▶ [Source information]:
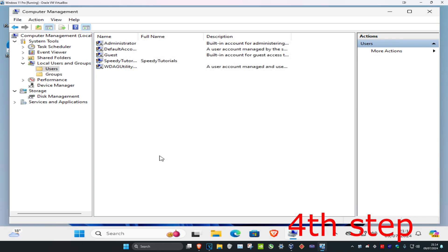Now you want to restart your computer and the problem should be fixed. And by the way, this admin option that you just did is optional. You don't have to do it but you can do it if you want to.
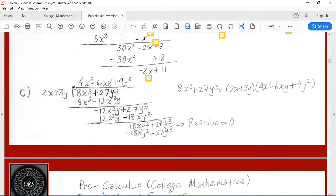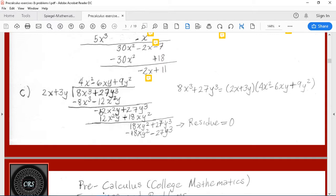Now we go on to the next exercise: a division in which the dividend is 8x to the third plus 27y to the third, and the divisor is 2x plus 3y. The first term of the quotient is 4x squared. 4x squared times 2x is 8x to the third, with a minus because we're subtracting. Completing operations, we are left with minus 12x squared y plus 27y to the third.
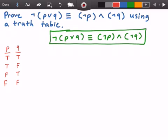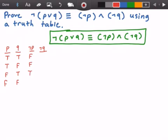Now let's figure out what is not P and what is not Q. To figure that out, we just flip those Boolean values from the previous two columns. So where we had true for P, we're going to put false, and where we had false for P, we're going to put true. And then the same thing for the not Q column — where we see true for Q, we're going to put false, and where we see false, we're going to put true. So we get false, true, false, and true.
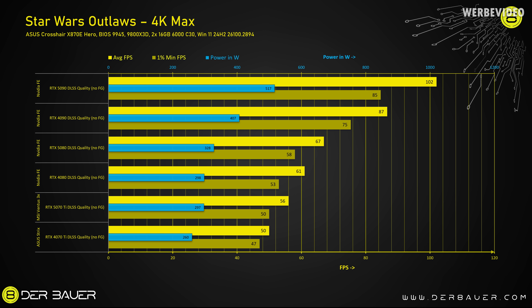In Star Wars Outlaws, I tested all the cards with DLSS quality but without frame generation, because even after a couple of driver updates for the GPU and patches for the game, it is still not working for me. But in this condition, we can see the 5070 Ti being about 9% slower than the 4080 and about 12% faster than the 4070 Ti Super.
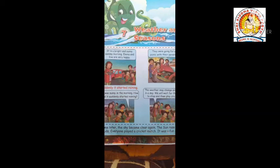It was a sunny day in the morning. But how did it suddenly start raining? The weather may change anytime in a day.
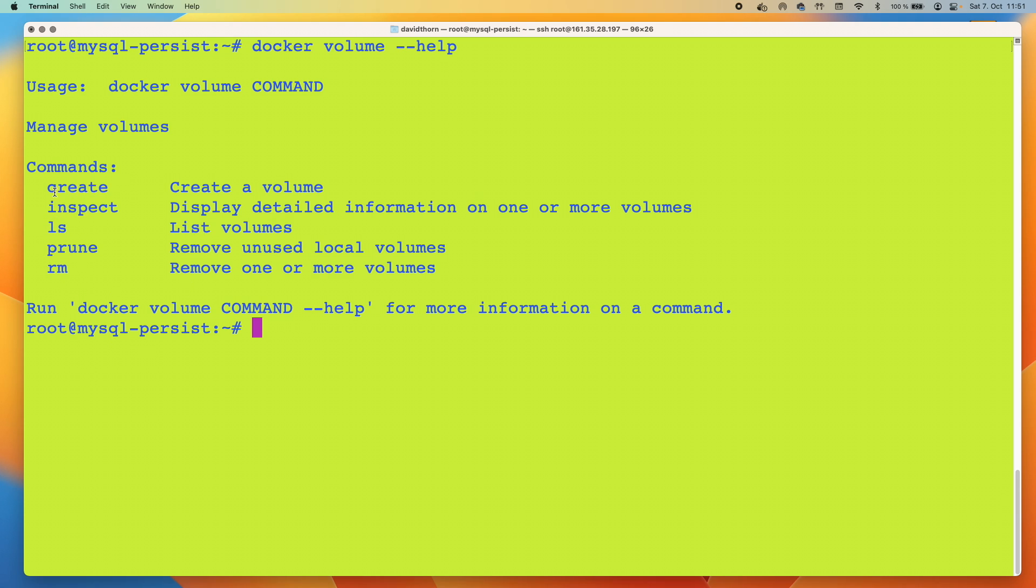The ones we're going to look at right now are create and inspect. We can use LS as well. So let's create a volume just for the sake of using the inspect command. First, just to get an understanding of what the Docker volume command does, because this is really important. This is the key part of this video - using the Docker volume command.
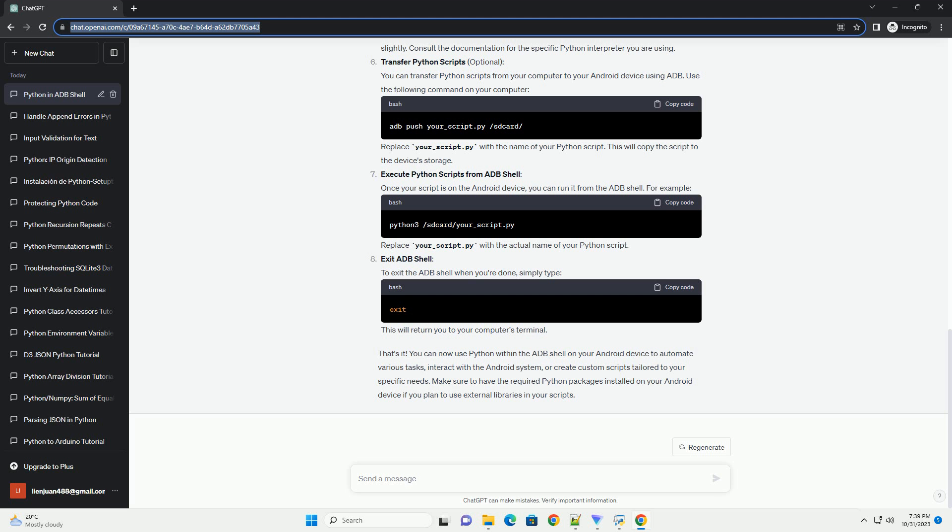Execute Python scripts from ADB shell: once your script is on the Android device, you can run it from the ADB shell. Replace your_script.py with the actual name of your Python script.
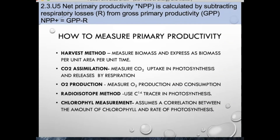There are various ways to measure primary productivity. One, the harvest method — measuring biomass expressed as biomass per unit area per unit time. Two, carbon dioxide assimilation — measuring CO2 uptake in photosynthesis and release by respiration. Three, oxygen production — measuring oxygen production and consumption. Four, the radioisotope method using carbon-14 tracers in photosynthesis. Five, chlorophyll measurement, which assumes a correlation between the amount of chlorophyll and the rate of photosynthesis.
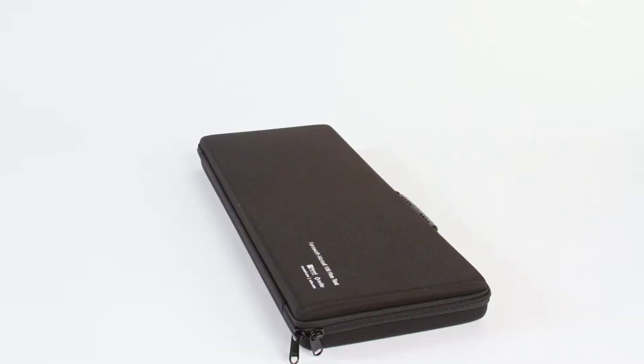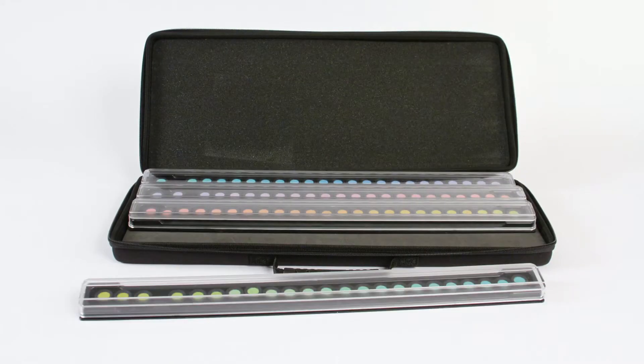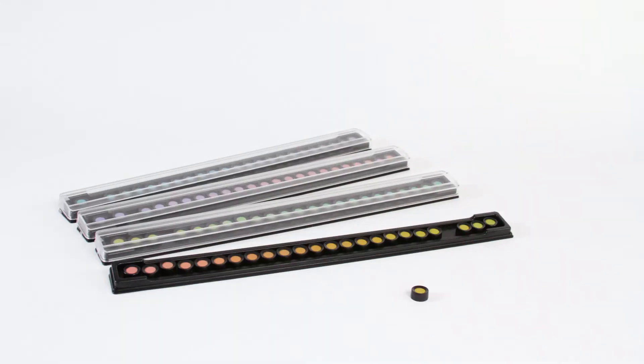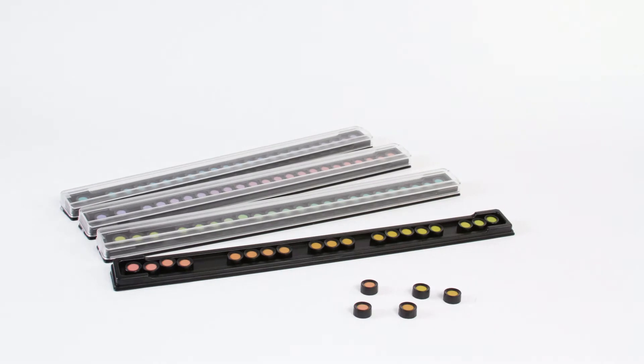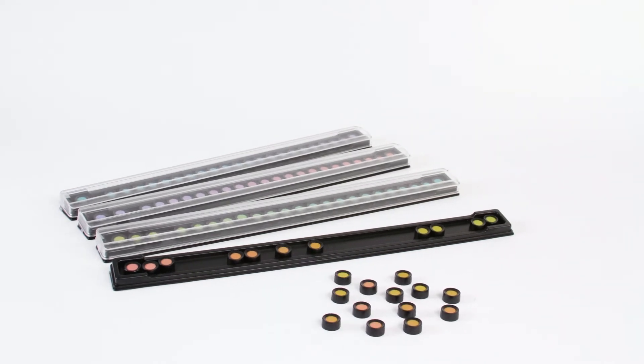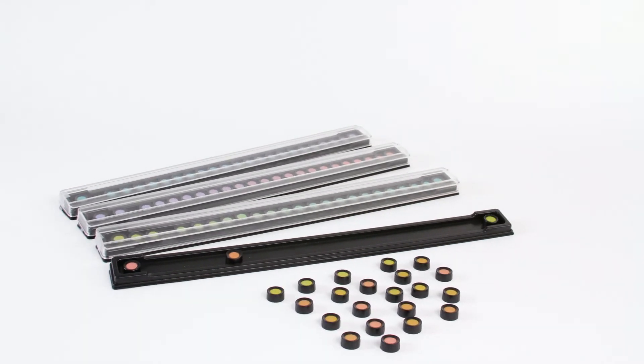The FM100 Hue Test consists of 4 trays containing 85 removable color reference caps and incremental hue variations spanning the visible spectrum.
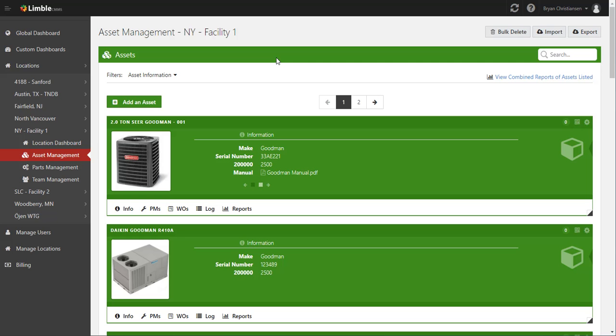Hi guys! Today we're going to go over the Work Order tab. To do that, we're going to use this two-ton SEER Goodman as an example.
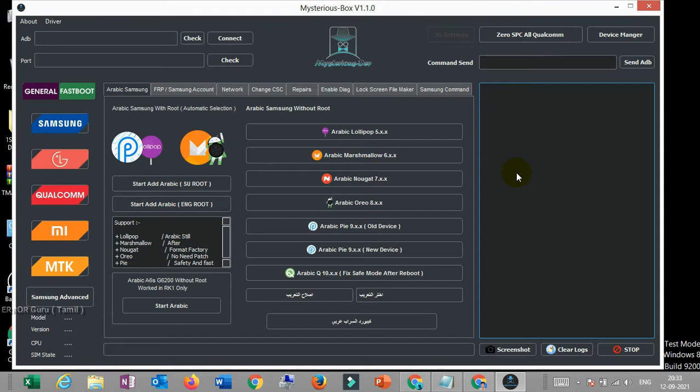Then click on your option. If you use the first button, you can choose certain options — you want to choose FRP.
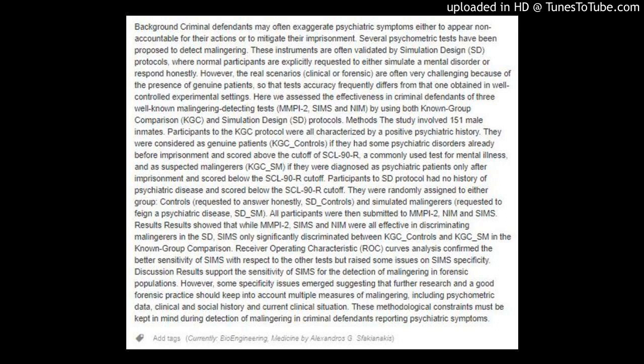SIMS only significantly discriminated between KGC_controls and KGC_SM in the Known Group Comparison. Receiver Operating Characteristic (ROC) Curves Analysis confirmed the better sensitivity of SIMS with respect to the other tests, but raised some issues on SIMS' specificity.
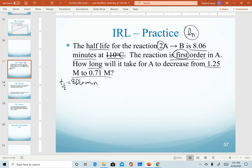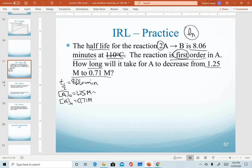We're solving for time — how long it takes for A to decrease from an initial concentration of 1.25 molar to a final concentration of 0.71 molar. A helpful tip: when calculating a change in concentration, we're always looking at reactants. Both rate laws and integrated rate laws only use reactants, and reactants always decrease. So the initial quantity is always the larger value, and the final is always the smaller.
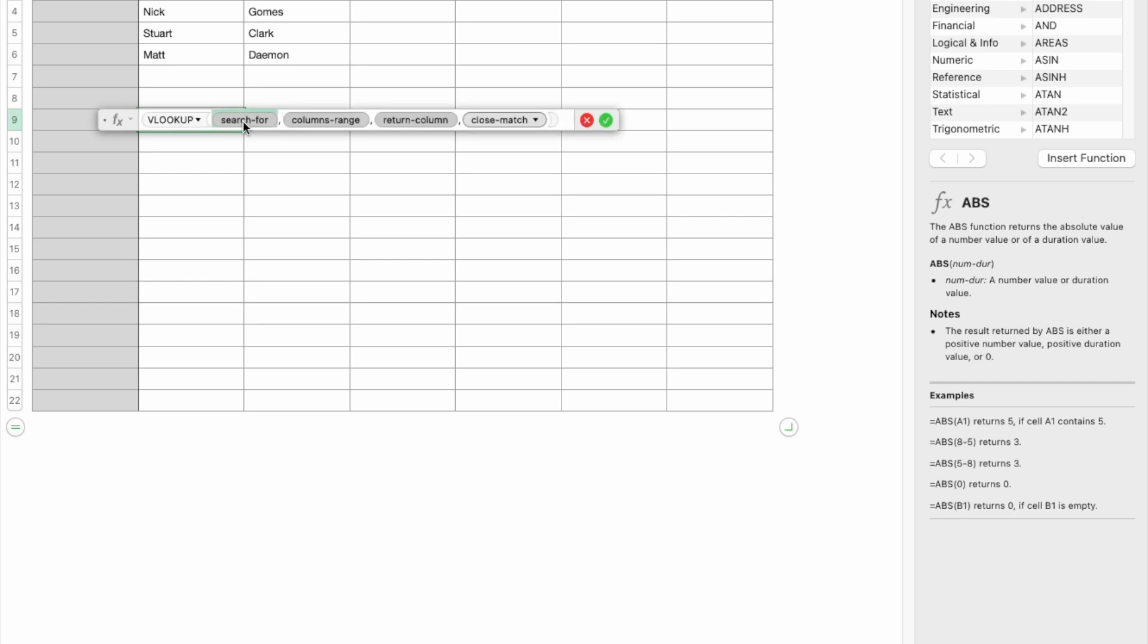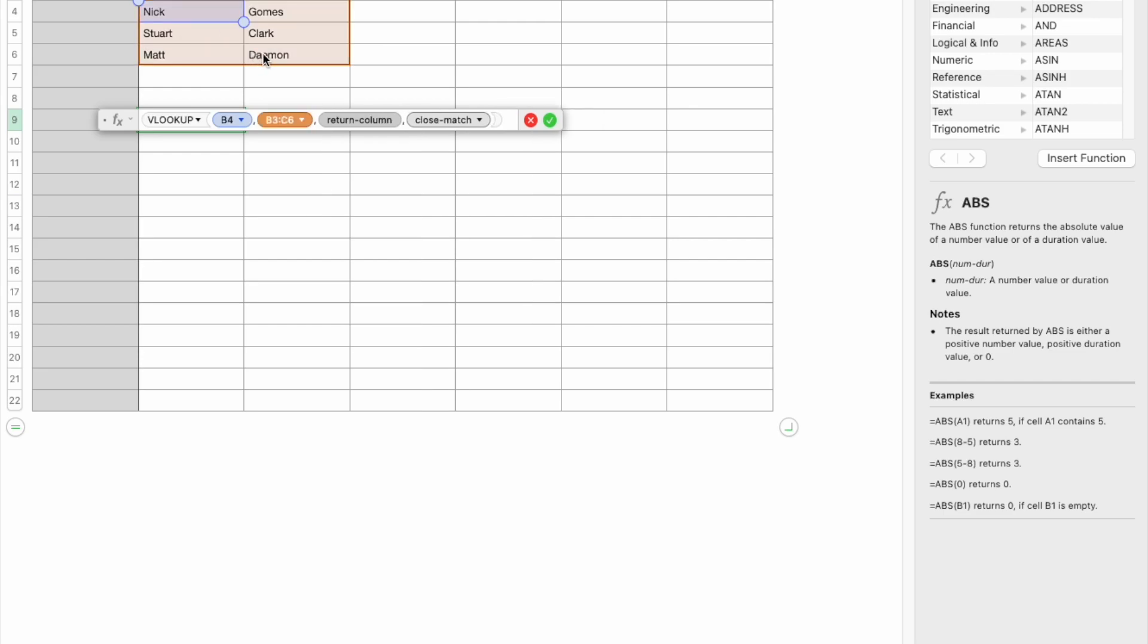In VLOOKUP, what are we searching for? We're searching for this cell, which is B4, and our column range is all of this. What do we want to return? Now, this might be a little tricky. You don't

▶ [Requirement]: Restating the data word for word is the task, and pictures are to be omitted.

▶ [Reply to the task]:
Now you want to restart your computer and the problem should be fixed. And by the way, this admin option that you just did is optional. You don't have to do it but you can do it if you want to.
Now we go on to the next exercise: a division in which the dividend is 8x to the third plus 27y to the third, and the divisor is 2x plus 3y. The first term of the quotient is 4x squared. 4x squared times 2x is 8x to the third, with a minus because we're subtracting. Completing operations, we are left with minus 12x squared y plus 27y to the third.
Now let's figure out what is not P and what is not Q. To figure that out, we just flip those Boolean values from the previous two columns. So where we had true for P, we're going to put false, and where we had false for P, we're going to put true. And then the same thing for the not Q column — where we see true for Q, we're going to put false, and where we see false, we're going to put true. So we get false, true, false, and true.
In Star Wars Outlaws, I tested all the cards with DLSS quality but without frame generation, because even after a couple of driver updates for the GPU and patches for the game, it is still not working for me. But in this condition, we can see the 5070 Ti being about 9% slower than the 4080 and about 12% faster than the 4070 Ti Super.
It was a sunny day in the morning. But how did it suddenly start raining? The weather may change anytime in a day.
The ones we're going to look at right now are create and inspect. We can use LS as well. So let's create a volume just for the sake of using the inspect command. First, just to get an understanding of what the Docker volume command does, because this is really important. This is the key part of this video - using the Docker volume command.
Execute Python scripts from ADB shell: once your script is on the Android device, you can run it from the ADB shell. Replace your_script.py with the actual name of your Python script.
There are various ways to measure primary productivity. One, the harvest method — measuring biomass expressed as biomass per unit area per unit time. Two, carbon dioxide assimilation — measuring CO2 uptake in photosynthesis and release by respiration. Three, oxygen production — measuring oxygen production and consumption. Four, the radioisotope method using carbon-14 tracers in photosynthesis. Five, chlorophyll measurement, which assumes a correlation between the amount of chlorophyll and the rate of photosynthesis.
The FM100 Hue Test consists of 4 trays containing 85 removable color reference caps and incremental hue variations spanning the visible spectrum.
Hi guys! Today we're going to go over the Work Order tab. To do that, we're going to use this two-ton SEER Goodman as an example.
Then click on your option. If you use the first button, you can choose certain options — you want to choose FRP.
SIMS only significantly discriminated between KGC_controls and KGC_SM in the Known Group Comparison. Receiver Operating Characteristic (ROC) Curves Analysis confirmed the better sensitivity of SIMS with respect to the other tests, but raised some issues on SIMS' specificity.
We're solving for time — how long it takes for A to decrease from an initial concentration of 1.25 molar to a final concentration of 0.71 molar. A helpful tip: when calculating a change in concentration, we're always looking at reactants. Both rate laws and integrated rate laws only use reactants, and reactants always decrease. So the initial quantity is always the larger value, and the final is always the smaller.
In VLOOKUP, what are we searching for? We're searching for this cell, which is B4, and our column range is all of this. What do we want to return? Now, this might be a little tricky. You don't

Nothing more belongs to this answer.